PEP 327: Decimal Data Type

Sat Jan 31 04:01:41 EST 2004

Josiah Carlson <jcarlson at nospam.uci.edu> wrote in message news:<bvef14$919$1 at news.service.uci.edu>...
> > (In my dreams) I want to "float" to be decimal. Always. No more binary.

I disagree.

My reasons for this have to do with the real-life meaning of figures
with decimal points.  I can say that I have $1.80 in change on my
desk, and I can say that I am 1.80 meters tall.  But the two 1.80's
have fundamentally different meanings.

For money, it means that I have *exactly* $1.80.  This is because
"dollars" are just a notational convention for large numbers of cents.
 I can just as accuately say that have an (integer) 180 cents, and
indeed, that's exactly the way it would be stored in my financial
institution's database.  (I know because I used to work there.)  So
all you really need here is "int".  But I do agree with the idea of
having a class to hide the decimal/integer conversion from the user.

On the other hand, when I say that I am 1.80 m tall, it doesn't imply
that humans height comes in discrete packets of 0.01 m.  It means that
I'm *somewhere* between 1.795 and 1.805 m tall, depending on my
posture and the time of day, and "1.80" is just a convenient
approximation.  And it wouldn't be inaccurate to express my height as
0x1.CC (=1.796875) or (base 12) 1.97 (=1.7986111...) meters, because
these are within the tolerance of the measurement.  So number base
doesn't matter here.

But even if the number base of a measurement doesn't matter, precision
and speed of calculations often does.  And on digital computers,
non-binary arithmetic is inherently imprecise and slow.  Imprecise
because register bits are limited and decimal storage wastes them. 
(For example, representing the integer 999 999 999 requires 36 bits in
BCD but only 30 bits in binary.  Also, for floating point, only binary
allows the precision-gaining "hidden bit" trick.)  Slow because
decimal requires more complex hardware.  (For example, a BCD adder has
more than twice as many gates as a binary adder.)

> In my dreams, data is optimally represented in base e, and every number 
> is represented with a roughly equivalent amount of fudge-factor (except 
> for linear combinations of the powers of e).
> 
> Heh, thankfully my dreams haven't come to fuition.

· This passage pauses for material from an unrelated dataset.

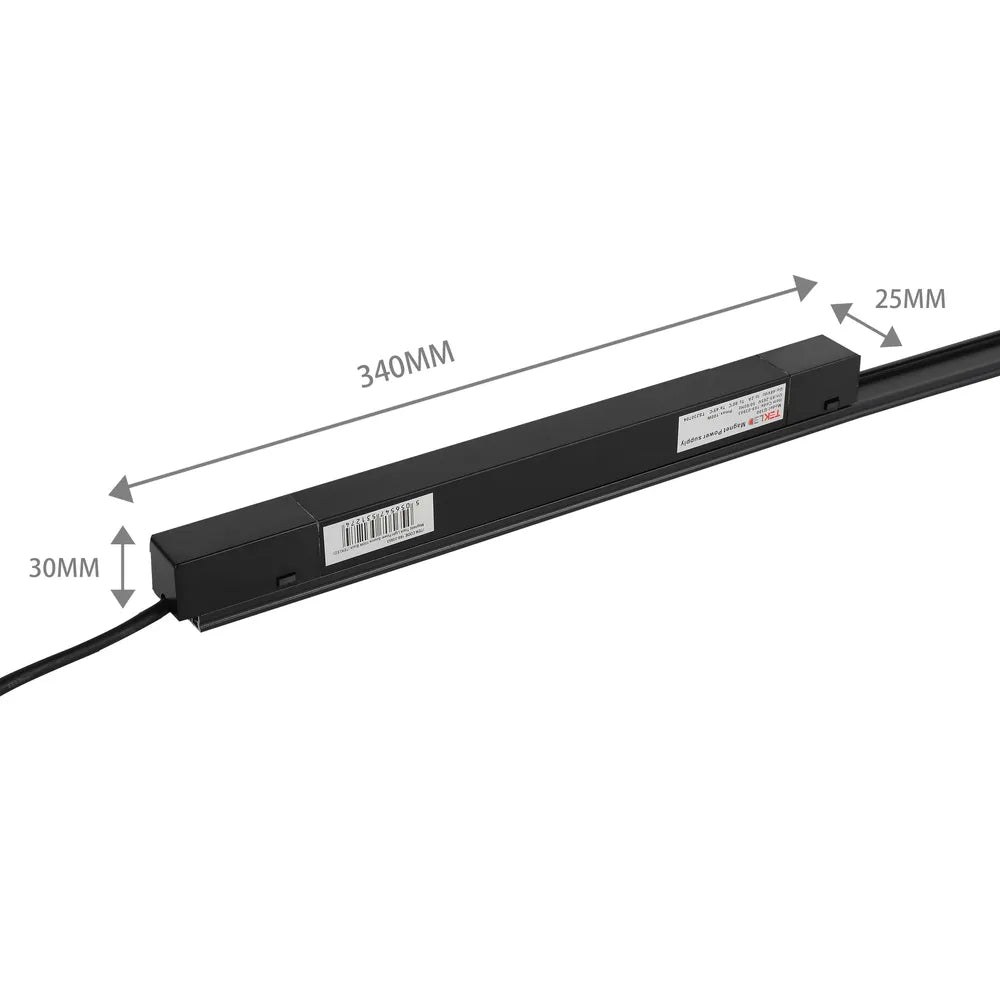 Magnetic Tracklight TEKLED Magnetic Track Light Power Source 100W Black(TEKLED)-169-03953--169-03953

Perhaps we'll have an efficient inplementation within the next
102.1120... years or so ;-)

> While decimal storage is useful for...money

Out of curiosity: Is there much demand for decimal floating point in
places that have fractionless currecy like Japanese Yen?

> Perhaps a generalized BaseN module is called for.  People 
> could then generate floating point numbers in any base (up to perhaps 
> base 36, [1-9a-z]).

If you're going to allow exact representation of multiples of 1/2,
1/3, 1/4, ..., 1/36, 1/49, 1/64, 1/81, 1/100, 1/121, 1/125, 1/128,
1/144, etc., I see no reason not to have exact representations of
*all* rational numbers.  Especially considering that rationals are
much easier to implement.  (See below.)

> ... Of course then you have the same problem with doing math on two 
> different bases as with doing math on rational numbers.

Actually, the problem is even worse.

Like rationals, BaseN numbers have the problem that there are multiple
representations for the same number (e.g., 1/2=6/12, and 0.1 (2) = 0.6
(12)).  But rationals at least have a standardized normalization.  We
agree can agree that 1/2 should be represented as 1/2 and not
-131/-262, but should BaseN('0.1', base=2) + BaseN('0.1', base=4) be
BaseN('0.11', 2) or BaseN('0.3', 4)?

The same potential problem exists with ints, but Python (and afaik,
everything else) avoids it by internally storing everything in binary
and not keeping track of its representation.  This is why "print 0x68"
produces the same output as "print 104".  BaseN would violate this
separation between numbers and their notation, and imho that would
create a lot more problems than it solves.

Including the problem that mixed-based arithmetic will require:
* approximating at least one of the numbers, in which case there's no
advantage over binary, or
* finding a "least common base", but what if that base is greater than
36 (or 62 if lowercase digits are distinguished from uppercase ones)?